Debt is an uncomfortable topic many of us would rather avoid, but making high interest payments is equally uncomfortable on our wallets. Debt consolidation can take some of that sting away by combining multiple unsecured loans into a single debt. If you take several high interest debts and consolidate them into a new debt with a lower interest rate, you’ll pay less over the course of the loan.

For example, let’s say you owe money on several credit cards, each with an APY of over 15%. You transfer the balances onto a new credit card with a 0% interest rate promotion for 12 months. During that promotional period, any payments you make towards that debt will be interest-free! While this method is great for digging yourself out of difficult debt, you should fully understand the terms of any debt consolidation option you choose.

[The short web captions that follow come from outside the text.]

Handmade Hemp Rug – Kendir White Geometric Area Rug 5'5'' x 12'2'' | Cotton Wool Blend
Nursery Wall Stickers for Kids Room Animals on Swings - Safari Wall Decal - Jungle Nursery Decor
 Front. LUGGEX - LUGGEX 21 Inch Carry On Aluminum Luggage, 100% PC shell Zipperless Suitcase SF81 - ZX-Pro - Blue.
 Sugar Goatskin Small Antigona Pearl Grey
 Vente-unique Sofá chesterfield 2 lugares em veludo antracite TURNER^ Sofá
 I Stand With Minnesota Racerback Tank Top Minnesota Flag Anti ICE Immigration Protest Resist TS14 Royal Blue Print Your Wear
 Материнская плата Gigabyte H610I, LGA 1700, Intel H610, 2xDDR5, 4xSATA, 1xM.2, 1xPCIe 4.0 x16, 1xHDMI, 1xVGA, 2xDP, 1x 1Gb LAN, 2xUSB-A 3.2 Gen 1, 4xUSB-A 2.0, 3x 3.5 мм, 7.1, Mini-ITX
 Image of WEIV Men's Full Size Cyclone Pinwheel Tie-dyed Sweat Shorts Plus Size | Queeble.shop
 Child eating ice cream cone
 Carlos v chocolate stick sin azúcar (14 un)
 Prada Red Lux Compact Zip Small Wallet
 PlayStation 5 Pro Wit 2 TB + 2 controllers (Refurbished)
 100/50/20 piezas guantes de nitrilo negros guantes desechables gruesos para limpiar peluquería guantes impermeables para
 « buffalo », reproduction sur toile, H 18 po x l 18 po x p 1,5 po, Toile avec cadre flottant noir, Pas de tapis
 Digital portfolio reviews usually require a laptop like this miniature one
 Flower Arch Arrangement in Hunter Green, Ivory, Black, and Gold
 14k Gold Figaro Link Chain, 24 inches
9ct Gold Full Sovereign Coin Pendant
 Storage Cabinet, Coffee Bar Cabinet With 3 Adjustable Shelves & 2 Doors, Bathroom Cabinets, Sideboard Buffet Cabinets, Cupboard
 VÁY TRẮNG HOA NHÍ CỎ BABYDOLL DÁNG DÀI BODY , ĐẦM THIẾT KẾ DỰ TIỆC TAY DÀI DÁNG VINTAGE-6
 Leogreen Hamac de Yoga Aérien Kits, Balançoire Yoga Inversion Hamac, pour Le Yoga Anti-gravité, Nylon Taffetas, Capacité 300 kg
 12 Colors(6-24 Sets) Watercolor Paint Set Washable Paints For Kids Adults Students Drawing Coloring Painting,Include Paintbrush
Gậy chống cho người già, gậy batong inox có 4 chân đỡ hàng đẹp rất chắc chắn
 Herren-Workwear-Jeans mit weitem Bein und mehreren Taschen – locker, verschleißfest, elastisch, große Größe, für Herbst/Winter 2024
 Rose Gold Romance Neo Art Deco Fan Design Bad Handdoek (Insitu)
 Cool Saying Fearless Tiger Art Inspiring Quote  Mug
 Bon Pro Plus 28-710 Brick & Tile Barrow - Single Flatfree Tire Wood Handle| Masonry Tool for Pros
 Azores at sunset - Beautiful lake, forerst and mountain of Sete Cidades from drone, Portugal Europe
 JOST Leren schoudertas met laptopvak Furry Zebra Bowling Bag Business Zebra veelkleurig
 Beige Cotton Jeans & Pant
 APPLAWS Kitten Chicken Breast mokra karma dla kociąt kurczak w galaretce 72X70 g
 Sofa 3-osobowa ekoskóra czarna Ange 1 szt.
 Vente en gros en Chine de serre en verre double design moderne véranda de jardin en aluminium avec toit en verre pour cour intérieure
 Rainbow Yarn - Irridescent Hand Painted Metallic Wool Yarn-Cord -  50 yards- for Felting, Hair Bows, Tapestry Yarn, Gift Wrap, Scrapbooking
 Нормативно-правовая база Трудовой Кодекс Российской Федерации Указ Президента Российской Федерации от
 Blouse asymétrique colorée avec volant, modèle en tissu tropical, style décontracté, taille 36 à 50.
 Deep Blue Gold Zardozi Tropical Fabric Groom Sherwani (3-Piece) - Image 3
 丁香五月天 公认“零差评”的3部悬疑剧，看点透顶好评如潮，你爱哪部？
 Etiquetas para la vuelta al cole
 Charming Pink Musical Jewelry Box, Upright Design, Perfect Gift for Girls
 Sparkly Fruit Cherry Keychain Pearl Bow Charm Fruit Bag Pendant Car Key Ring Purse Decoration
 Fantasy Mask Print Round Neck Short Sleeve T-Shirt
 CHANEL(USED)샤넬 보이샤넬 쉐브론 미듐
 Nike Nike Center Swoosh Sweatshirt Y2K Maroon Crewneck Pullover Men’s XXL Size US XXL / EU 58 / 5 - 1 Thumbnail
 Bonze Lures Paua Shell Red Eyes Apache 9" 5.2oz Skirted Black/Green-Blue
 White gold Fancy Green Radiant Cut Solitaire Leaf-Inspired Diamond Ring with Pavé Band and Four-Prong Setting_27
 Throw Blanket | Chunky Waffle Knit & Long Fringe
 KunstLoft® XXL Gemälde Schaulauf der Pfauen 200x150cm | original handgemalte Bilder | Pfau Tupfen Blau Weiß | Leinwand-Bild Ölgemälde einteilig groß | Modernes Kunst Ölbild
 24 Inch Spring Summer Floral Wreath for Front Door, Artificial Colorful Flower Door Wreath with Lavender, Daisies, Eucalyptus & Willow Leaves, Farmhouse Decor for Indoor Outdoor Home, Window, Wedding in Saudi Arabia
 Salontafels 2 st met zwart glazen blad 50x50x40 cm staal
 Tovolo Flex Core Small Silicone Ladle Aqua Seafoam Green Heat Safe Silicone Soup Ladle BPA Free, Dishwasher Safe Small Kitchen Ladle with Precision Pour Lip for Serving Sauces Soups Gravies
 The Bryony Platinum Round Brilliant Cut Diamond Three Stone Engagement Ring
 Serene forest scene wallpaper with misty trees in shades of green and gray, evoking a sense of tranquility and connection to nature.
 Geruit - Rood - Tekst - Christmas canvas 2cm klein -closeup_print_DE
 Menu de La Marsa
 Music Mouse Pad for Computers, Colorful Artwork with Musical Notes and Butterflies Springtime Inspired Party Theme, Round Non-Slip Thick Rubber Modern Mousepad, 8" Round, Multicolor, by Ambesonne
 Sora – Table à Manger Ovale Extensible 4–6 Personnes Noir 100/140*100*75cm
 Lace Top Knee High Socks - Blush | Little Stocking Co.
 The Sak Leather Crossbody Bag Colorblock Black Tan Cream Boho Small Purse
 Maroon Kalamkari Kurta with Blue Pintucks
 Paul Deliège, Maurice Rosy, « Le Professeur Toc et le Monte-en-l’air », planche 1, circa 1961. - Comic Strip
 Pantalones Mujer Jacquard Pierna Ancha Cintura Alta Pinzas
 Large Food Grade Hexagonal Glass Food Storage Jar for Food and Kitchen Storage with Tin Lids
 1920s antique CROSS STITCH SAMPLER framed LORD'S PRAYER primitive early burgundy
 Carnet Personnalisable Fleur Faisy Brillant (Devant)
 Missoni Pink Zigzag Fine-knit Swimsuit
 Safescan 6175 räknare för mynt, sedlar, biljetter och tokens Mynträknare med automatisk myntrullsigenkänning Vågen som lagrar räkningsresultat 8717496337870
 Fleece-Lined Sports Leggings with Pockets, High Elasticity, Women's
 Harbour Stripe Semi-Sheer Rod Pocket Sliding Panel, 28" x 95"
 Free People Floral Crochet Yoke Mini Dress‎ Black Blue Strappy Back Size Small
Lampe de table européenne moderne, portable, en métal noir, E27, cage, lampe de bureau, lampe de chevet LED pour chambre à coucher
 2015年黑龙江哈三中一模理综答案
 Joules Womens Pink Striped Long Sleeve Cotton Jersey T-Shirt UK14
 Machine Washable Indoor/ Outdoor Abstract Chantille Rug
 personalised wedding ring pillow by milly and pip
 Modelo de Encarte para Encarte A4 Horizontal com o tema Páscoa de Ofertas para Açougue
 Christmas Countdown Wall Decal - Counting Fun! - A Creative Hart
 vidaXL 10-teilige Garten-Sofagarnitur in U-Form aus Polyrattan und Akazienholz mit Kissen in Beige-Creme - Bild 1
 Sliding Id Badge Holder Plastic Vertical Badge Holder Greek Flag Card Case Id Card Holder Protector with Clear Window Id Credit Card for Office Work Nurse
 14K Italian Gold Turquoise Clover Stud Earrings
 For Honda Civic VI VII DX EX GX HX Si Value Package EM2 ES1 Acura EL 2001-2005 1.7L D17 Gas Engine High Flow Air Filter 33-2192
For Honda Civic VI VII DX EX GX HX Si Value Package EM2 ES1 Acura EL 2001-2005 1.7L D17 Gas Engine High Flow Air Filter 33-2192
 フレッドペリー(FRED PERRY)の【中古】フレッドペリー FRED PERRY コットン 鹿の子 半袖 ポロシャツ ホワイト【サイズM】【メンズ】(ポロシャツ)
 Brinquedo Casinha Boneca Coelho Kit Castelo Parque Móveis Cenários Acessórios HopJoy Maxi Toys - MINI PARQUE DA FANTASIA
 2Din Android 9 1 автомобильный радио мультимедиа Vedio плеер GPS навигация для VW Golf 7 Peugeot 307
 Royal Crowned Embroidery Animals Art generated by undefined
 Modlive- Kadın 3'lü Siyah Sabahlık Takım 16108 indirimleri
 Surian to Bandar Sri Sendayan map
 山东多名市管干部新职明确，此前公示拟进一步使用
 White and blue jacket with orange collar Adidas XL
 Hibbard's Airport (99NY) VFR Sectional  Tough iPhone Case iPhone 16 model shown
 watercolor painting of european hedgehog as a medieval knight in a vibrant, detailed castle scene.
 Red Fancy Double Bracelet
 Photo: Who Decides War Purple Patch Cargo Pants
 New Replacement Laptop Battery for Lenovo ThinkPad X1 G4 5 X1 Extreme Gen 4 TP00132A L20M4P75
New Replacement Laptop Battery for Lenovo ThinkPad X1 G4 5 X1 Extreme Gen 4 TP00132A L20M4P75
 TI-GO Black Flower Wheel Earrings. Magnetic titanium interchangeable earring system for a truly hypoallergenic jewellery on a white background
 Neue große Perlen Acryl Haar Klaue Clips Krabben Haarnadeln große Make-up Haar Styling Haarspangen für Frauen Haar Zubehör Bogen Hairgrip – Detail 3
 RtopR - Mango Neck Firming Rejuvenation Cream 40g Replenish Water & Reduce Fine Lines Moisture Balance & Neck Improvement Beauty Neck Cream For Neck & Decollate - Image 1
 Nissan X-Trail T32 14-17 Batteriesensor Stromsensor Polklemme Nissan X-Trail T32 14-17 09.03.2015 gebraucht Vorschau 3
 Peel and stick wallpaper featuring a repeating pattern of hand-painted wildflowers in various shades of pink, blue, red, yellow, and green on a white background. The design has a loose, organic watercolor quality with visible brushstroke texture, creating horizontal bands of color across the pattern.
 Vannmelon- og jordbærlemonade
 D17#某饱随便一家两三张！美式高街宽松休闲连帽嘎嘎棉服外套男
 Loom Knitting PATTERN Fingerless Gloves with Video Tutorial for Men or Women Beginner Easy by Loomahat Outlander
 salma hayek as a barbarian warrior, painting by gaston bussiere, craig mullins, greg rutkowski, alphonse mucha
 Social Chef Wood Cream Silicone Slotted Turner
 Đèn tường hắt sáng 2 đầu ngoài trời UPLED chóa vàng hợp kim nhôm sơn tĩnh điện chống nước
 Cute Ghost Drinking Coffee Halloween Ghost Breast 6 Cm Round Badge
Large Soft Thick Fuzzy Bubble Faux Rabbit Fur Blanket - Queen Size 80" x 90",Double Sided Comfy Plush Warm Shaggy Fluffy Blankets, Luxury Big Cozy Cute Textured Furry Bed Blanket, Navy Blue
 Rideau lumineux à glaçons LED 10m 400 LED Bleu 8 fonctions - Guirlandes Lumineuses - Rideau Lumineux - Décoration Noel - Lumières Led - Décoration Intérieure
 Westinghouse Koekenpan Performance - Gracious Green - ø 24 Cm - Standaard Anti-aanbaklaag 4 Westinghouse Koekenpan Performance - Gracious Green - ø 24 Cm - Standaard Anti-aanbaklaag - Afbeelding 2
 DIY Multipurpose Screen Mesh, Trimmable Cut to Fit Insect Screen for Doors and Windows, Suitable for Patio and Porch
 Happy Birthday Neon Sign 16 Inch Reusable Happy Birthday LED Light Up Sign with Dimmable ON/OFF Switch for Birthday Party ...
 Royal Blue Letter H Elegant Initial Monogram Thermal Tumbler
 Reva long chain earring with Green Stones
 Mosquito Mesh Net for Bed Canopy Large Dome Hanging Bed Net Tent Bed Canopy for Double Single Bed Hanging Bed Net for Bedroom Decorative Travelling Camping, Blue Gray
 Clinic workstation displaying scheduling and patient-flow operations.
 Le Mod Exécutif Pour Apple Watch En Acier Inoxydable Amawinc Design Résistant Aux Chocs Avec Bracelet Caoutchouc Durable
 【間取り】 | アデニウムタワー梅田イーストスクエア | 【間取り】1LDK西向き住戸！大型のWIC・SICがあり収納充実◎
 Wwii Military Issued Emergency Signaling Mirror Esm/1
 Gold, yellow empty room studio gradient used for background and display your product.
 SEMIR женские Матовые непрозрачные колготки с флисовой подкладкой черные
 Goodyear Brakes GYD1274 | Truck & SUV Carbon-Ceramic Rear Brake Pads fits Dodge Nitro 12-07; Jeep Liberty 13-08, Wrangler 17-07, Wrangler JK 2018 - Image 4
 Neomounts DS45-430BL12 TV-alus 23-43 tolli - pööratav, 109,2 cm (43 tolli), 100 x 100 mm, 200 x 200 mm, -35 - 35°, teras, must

Review or create your budget

Throughout our lives, our spending habits are naturally going to change. Some of this is due to uncontrollable factors such as inflation. Others are due to major lifestyle changes, such as moving to a different area or having children. Still, others are due to simple preference changes over time—perhaps you used to hit the town with friends every weekend but now prefer to stay in to watch a movie with a nice glass of wine.

Whatever the case is for you, it’s worth looking closely at your current budget to determine what changes you can make. If you find yourself consistently overspending or feeling restricted by particular budget categories, increasing your budget for that category can lessen feelings of guilt. Conversely, other spending categories may have little interest to you now and it may make sense to reduce that budget category or remove it entirely.

This is also a great opportunity to review your short-, medium- and long-term financial goals. Are there any large purchases you plan on making within the next year or two? What about in the next decade? Are you on track with retirement savings? Your budget should reflect all of these goals.

Following these financial fall cleaning tips will give you plenty of easy personal finance wins, allowing you to reach your goals faster and live your life confidently knowing your finances are under control. Remember to keep this list handy for the future, so you can revisit them for even more savings in the future.